--- START ---

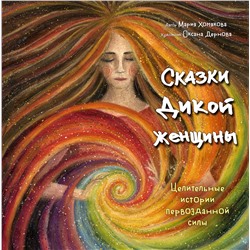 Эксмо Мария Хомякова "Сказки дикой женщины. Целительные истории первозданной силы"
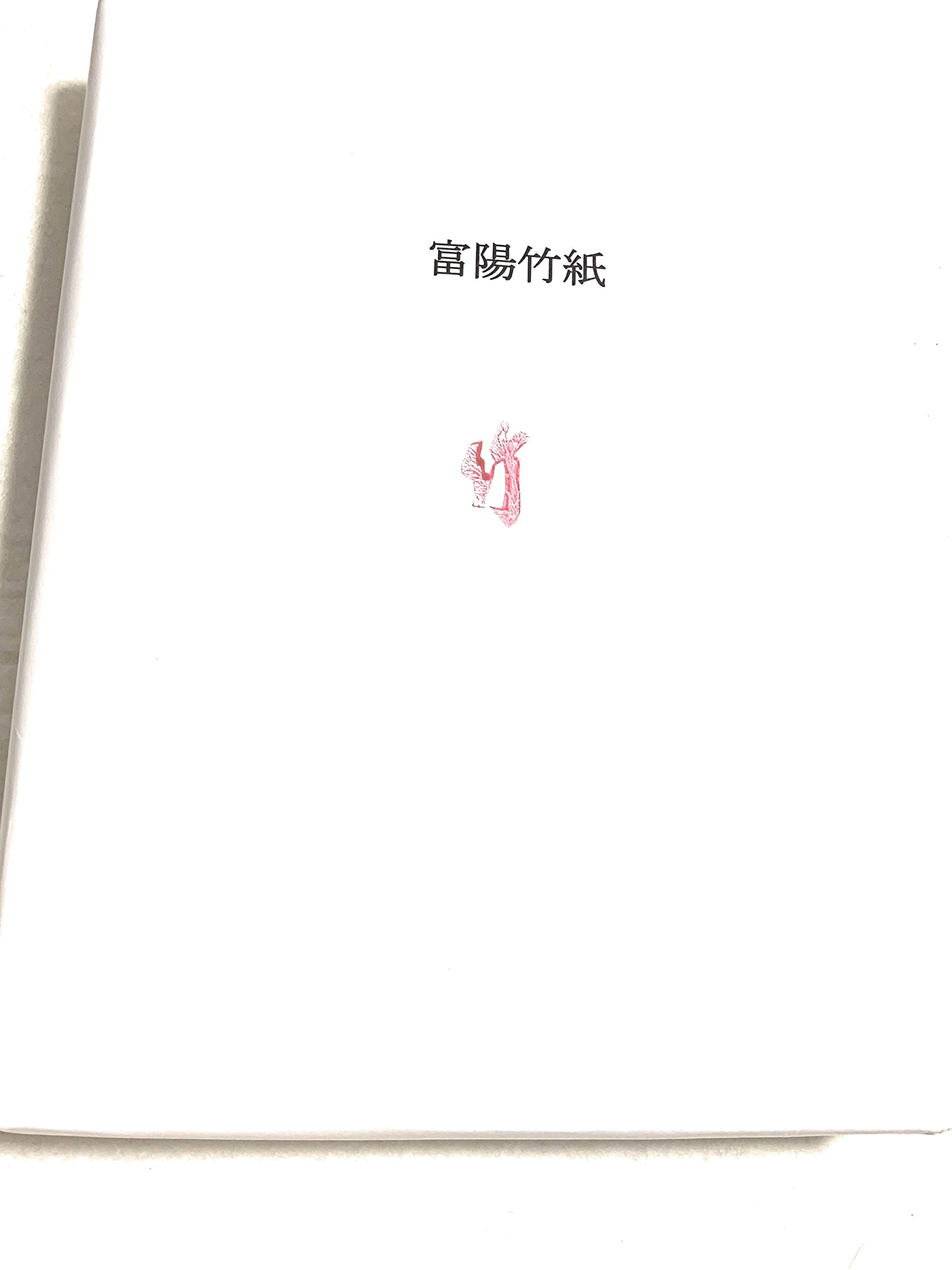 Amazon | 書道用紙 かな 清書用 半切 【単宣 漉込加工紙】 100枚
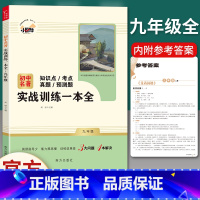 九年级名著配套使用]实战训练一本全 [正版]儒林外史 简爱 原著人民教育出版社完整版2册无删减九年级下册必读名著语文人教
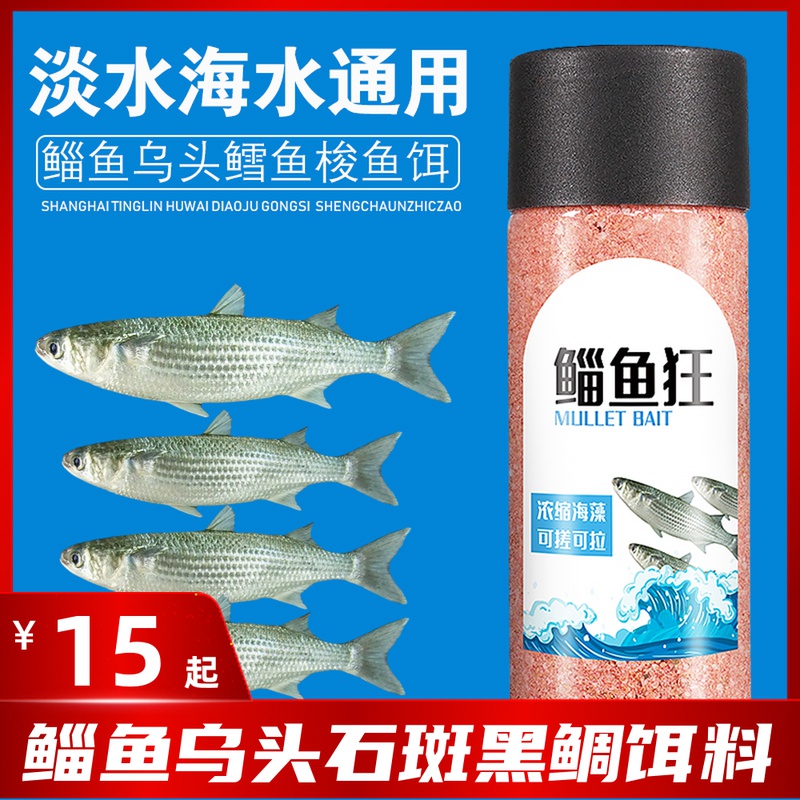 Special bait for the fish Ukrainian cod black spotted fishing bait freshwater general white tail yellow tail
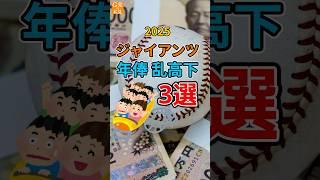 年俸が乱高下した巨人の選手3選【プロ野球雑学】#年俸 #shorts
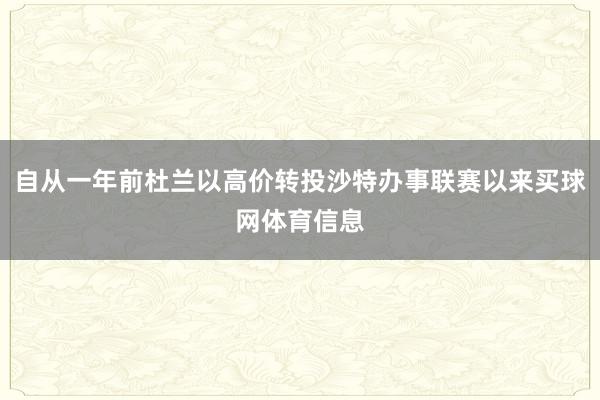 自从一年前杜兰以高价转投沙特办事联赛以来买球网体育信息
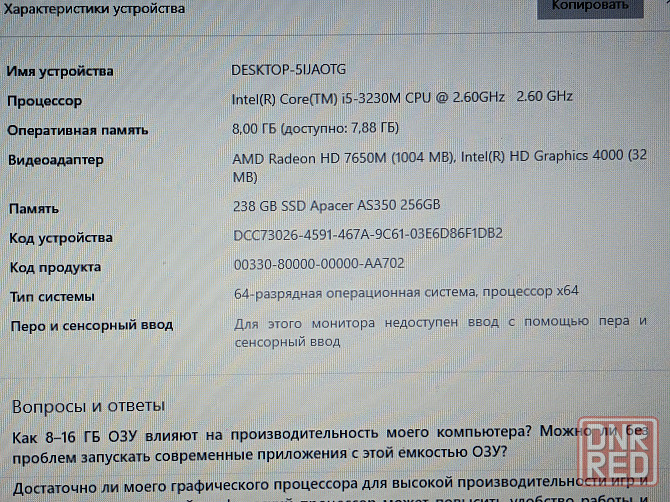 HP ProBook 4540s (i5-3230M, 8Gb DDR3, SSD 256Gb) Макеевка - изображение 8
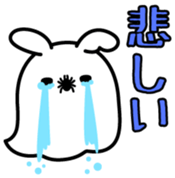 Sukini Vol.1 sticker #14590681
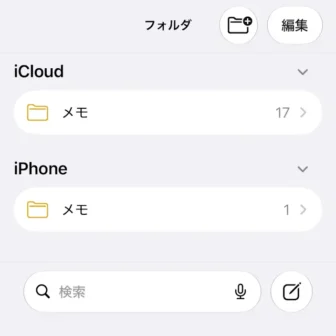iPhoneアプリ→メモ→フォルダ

--- END ---

TASK GOAL
Leave out every picture, and write out exactly the lines from the one with "年俸が乱高下した巨人の選手3選【プロ野球雑学】#年俸 #shorts" through the end of the records above, both ends included.

TASK RESULT
 年俸が乱高下した巨人の選手3選【プロ野球雑学】#年俸 #shorts
 自从一年前杜兰以高价转投沙特办事联赛以来买球网体育信息
 HP ProBook 4540s (i5-3230M, 8Gb DDR3, SSD 256Gb) Макеевка - изображение 8
 Sukini Vol.1 sticker #14590681
iPhoneアプリ→メモ→フォルダ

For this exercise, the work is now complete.